Even wealthy megacorps are not immune to bit rot from their own software. Why did Microsoft’s Snipping Tool stop recording videos after a recent Windows update? Because the rest of Windows has moved on, invalidating whichever crucial assumptions Snipping Tool may have made about how Windows works, and Microsoft does not care enough as an organization to expend resources on making sure that every feature of Snipping Tool still works. Apple too has new problems pop up around syncing music albums between the Mac and the iPhone. After all, Mac OS, iOS, and iTunes are all actively developed software that sometimes grow apart in subtly backwards incompatible ways. Who is there to notice that music no longer syncs fully, except for hapless customers that can only complain into the void?

But if there is such a thing as bit rot, then there must surely be an analogous bit life, wherein actively developed software are organisms growing as part of a living digital ecosystem. I am of course anthropomorphizing code here, but I think the framing holds up for personal purposes, if not scientific ones. If I am to think of ZAMM as something to be gradually grown and then maintained over time, rather than a one-and-done deal that I just need to cross the finish line for, it personally becomes much easier to deal with instances of bit rot during development.

For example, on separate occasions, prettier and Tauri driver stopped working for me all of a sudden. Instead of seeing these as unfortunate mishaps that get in the way of the finish line, I now see them instead as an integral and expected part of what it means to keep a software organism alive. You wouldn’t begrudge a plant for needing help with water every now and then; you shouldn’t begrudge a software organism for needing help reconnecting with their dependencies either. (Yes, I did start version pinning everything I can think of. I do disagree with the decisions of Yarn and Cargo to not make use of their .lock files by default. I don’t know why I’ve been repeatedly exposed to prettier updates despite pre-commit using a specific Git version tag in its config.)

As minimal as ZAMM is right now, the credits page already lists around 20 other projects that it depends directly on:

Partial snapshot of credits page

Those projects depend on a number of yet other projects, and many of those projects also recursively depend on yet other ones. All in all, that adds up to 1,346 total dependencies for the frontend and 535 total dependencies for the backend. The user-visible features of ZAMM may just be the tip of the iceberg when you take into account all of ZAMM’s supporting development and test infrastructure. But all of that is itself just the tip of the iceberg when you consider the nearly 2,000 other projects ZAMM depends on. ZAMM rests on top of an enormous iceberg that is also simultaneously continually growing and shifting underneath ZAMM. It really is just a tiny organism inside of a thriving software ecosystem.

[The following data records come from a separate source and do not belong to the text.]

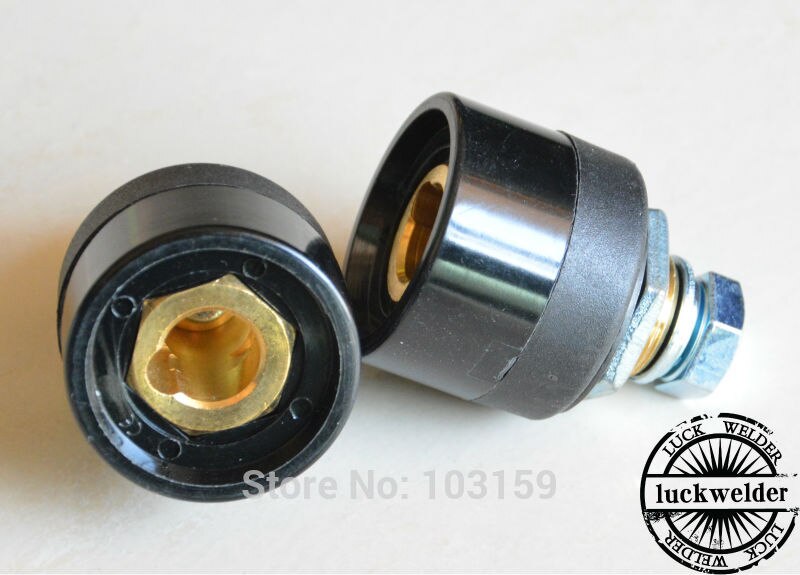 Panel Socket Welding Cable Connector 35-50 DINSE Style 200 - 300 Amp PS3550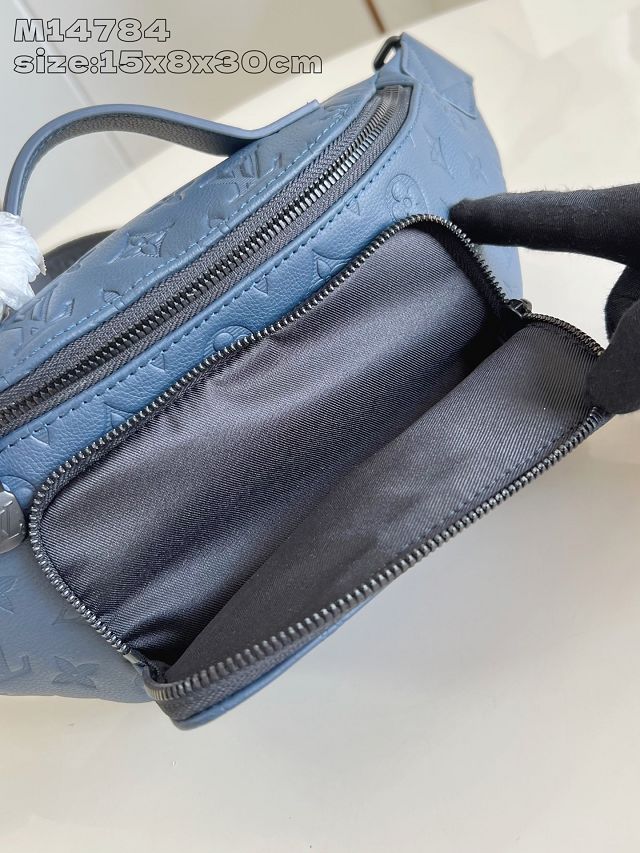 Louis vuitton original calfskin rush bumbag M14784 dark blue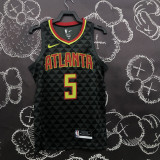 HAWKS MURRAY #5 Black Top Quality Hot Pressing NBA Jersey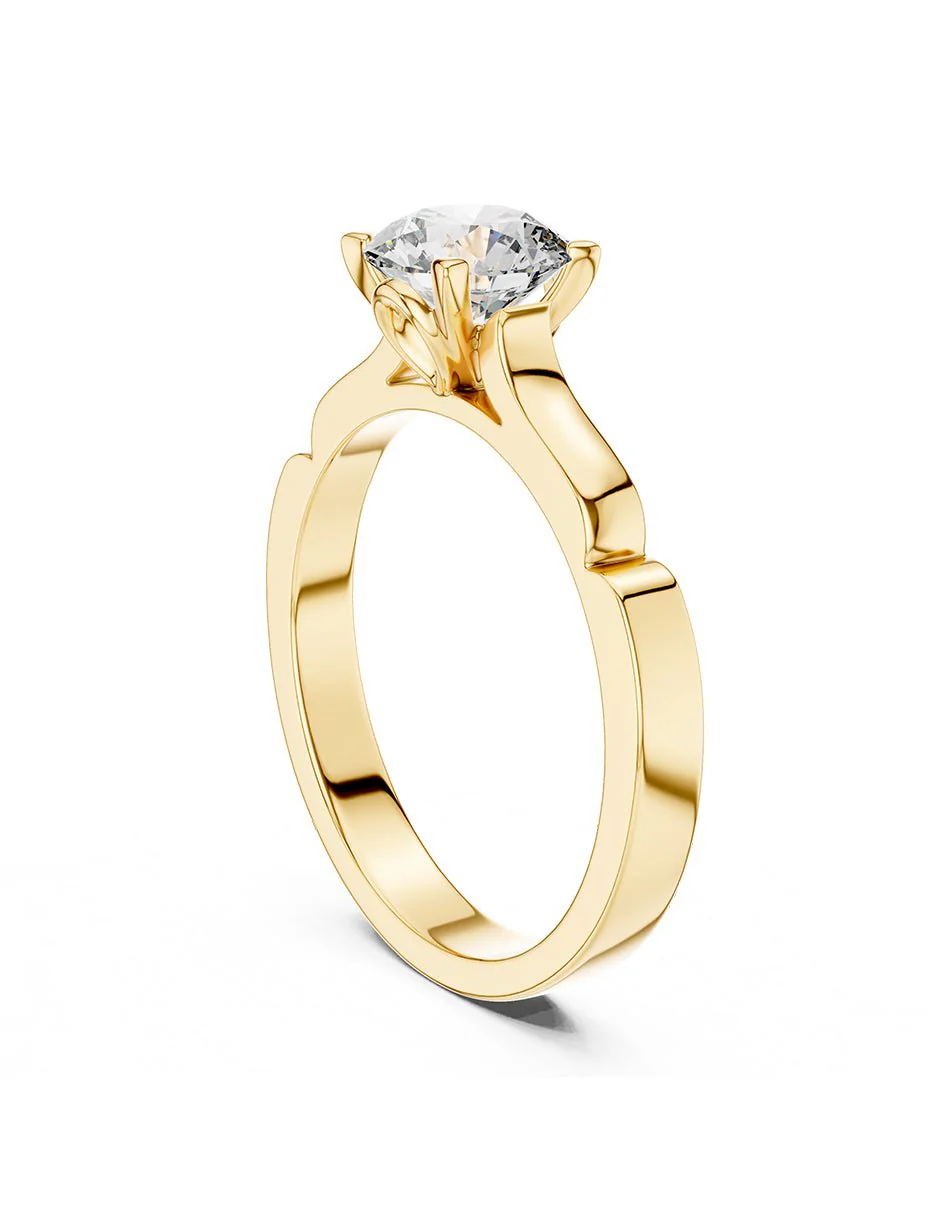 Anillo de compromiso - solitario - AMORE45-RD-LG - Image 7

I dream of a day when LLMs liberate us from having to manually toil to keep our software organisms alive in a world that is slowly burying them into irrelevance. After all, if an AI could understand the original context within which some code was written, and it understands how the world has changed since then, perhaps the AI could automatically adapt the code to its new environment while preserving its original intent. Perhaps I don’t need to spend such a considerable amount of time testing every last detail of this app. But if/when that day comes, my tests will be ready to serve as exhaustive documentation for what exactly my intent with ZAMM was.